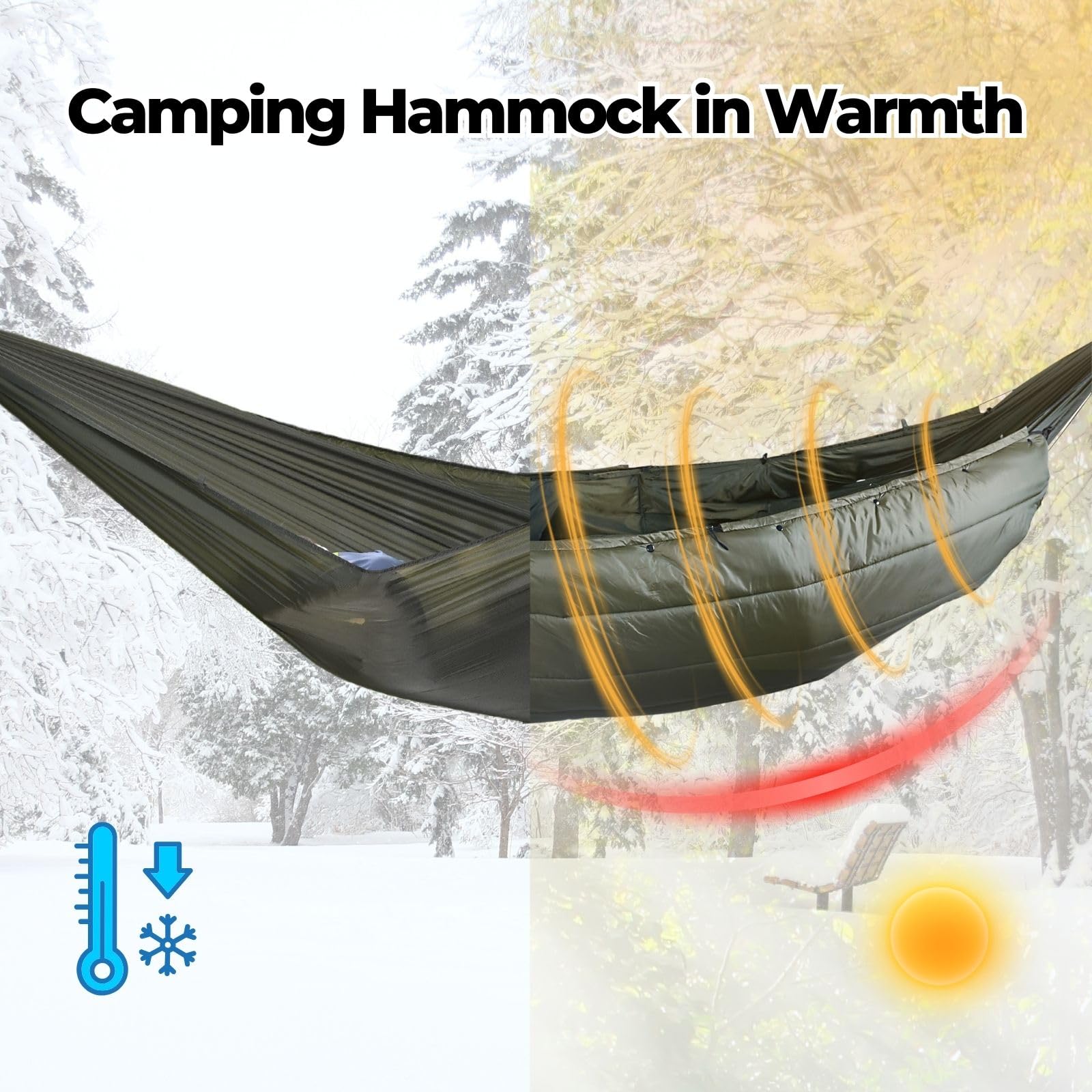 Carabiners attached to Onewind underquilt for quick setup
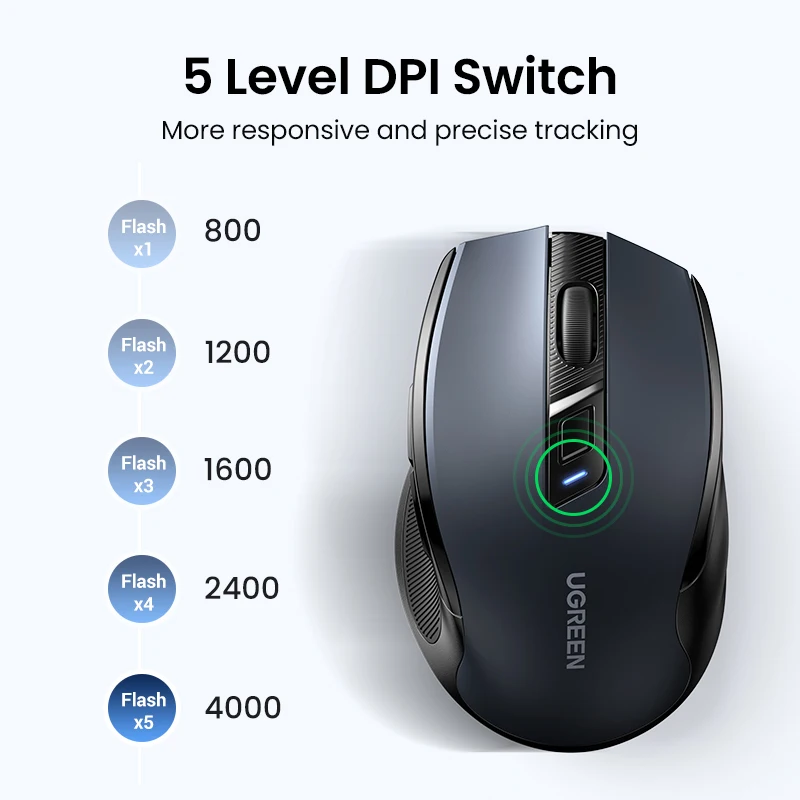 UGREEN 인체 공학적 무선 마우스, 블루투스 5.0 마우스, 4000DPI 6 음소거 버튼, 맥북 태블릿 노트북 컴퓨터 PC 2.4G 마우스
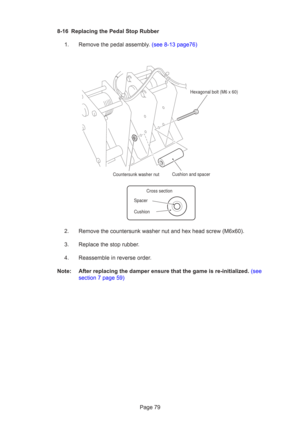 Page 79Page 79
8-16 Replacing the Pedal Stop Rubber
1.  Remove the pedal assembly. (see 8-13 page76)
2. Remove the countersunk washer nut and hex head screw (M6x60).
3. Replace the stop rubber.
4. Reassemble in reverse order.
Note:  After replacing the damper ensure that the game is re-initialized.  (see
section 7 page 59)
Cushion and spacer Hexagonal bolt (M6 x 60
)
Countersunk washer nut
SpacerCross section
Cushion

▸ **AIM OF THE TASK**
Transcribe the records above verbatim. Do not carry over any picture.

▸ **EXERCISE ANSWER**
 Carabiners attached to Onewind underquilt for quick setup
 UGREEN 인체 공학적 무선 마우스, 블루투스 5.0 마우스, 4000DPI 6 음소거 버튼, 맥북 태블릿 노트북 컴퓨터 PC 2.4G 마우스
 Page 79Page 79
8-16 Replacing the Pedal Stop Rubber
1.  Remove the pedal assembly. (see 8-13 page76)
2. Remove the countersunk washer nut and hex head screw (M6x60).
3. Replace the stop rubber.
4. Reassemble in reverse order.
Note:  After replacing the damper ensure that the game is re-initialized.  (see
section 7 page 59)
Cushion and spacer Hexagonal bolt (M6 x 60
)
Countersunk washer nut
SpacerCross section
Cushion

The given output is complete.